SS Fairview

History

Canada
- Port of registry: Victoria, no. 103473
- Route: Skaha Lake, Okanagan Lake
- Builder: M. E. Cousons
- Launched: Spring 1894
- In service: 1894
- Out of service: 1896-97
- Fate: Destroyed by fire

General characteristics
- Class & type: Sternwheeler
- Tonnage: 42.58 GRT, 26.83 NRT
- Length: 55 ft (17 m)
- Beam: 15 feet (4.6 m)
- Depth: 2.9 ft (0.88 m)
- Installed power: 5 hp (3.7 kW)
- Crew: Cpt. Thomas Riley (Captain) and William E. Cousons (engineer)

= SS Fairview =

The S.S. Fairview was a wood-burning sternwheeler built in 1894 for use between Penticton and Okanagan Falls on Skaha Lake in British Columbia, Canada. In 1885, the Fairview was transferred to Okanagan Lake. The sternwheeler had a single cabin and a crew of three.

==Construction and Early Operations==
The Fairview mining camp, near present day Oliver, British Columbia, was opened in 1887. In the first decade of operations the population of Fairview grew to exceed 800 people and, in 1897, the first townsite was laid. The only transportation connecting the booming town to their much needed supplies in Penticton was a 41 kilometre dirt trail. As mining operations grew, so did demand for a ship to haul heavy industrial equipment down Skaha Lake.

In order to fund the commission of a ship, a syndicate was formed, including founder of Okanagan Falls, W.J. Snodgrass, William E. Cousons, and Cpt. Thomas Riley. The group raise sufficient funds and the S.S. Fairview was launched in the spring of 1894.

On August 11th, 1894, the Fairview made her way down the difficult to navigate Okanagan River on the way to Skaha Lake. The Fairview had made its way through much of the river when a low hanging branch hit the ship, damaging much of the wheelhouse. The sternwheeler was turned around and sent back to the Okanagan Landing shipyards for repair. At this time, the Fairview had her full lengthened to 55 feet to accommodate rough weather.

==Transfer to Okanagan lake==
Despite Okanagan Lake already having the Canadian Pacific Railway (CPR) sternwheeler, S.S. Aberdeen, and several other ships in service on the lake, the Fairview was transferred from Skaha Lake in 1895. Due to the competitive market, business struggled for the Fairview and the ship was tied up until June, 1896.

==Loss of the Fairview==
After the failure of service on Okanagan Lake, the Fairview was used as an auxiliary vessel for larger passenger ships and was occasionally used for special outings.

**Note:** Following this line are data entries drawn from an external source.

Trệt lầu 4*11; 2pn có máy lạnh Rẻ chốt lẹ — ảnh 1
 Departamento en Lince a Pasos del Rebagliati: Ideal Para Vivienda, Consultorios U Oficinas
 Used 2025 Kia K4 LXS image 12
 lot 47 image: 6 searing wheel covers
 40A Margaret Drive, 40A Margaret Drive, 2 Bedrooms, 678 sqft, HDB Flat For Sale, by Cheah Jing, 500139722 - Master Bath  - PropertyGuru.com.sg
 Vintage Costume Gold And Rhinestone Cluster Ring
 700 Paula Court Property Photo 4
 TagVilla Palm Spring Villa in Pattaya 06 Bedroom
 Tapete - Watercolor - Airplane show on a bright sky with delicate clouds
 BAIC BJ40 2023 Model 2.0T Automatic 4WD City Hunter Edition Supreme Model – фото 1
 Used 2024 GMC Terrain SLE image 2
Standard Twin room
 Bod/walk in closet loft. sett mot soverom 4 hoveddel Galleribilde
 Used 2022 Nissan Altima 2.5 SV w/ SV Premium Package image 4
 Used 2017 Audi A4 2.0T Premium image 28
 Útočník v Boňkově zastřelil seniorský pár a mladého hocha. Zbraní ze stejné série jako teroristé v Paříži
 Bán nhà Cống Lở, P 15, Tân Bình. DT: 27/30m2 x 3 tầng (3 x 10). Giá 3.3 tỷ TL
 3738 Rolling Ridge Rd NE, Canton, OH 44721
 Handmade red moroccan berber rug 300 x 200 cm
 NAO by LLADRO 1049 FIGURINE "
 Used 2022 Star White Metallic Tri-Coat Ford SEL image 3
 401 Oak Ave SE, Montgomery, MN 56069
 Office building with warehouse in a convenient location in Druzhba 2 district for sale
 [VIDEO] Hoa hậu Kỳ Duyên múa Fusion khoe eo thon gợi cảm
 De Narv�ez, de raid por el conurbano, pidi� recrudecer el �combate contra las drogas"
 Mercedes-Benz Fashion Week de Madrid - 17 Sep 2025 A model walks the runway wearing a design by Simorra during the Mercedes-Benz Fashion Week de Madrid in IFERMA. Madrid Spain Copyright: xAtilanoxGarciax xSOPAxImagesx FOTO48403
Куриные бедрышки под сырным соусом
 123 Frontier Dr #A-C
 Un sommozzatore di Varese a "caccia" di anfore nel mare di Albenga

On July 1st, 1896, the Fairview was rented by the Vernon Lacrosse Club for an excursion to Kelowna. While docked, the ship suddenly caught on fire. The vessel, including her machinery and hull, were completely destroyed. It is of note that some sources claim that the wreck of the Fairview occurred on the night of July 2nd, 1897.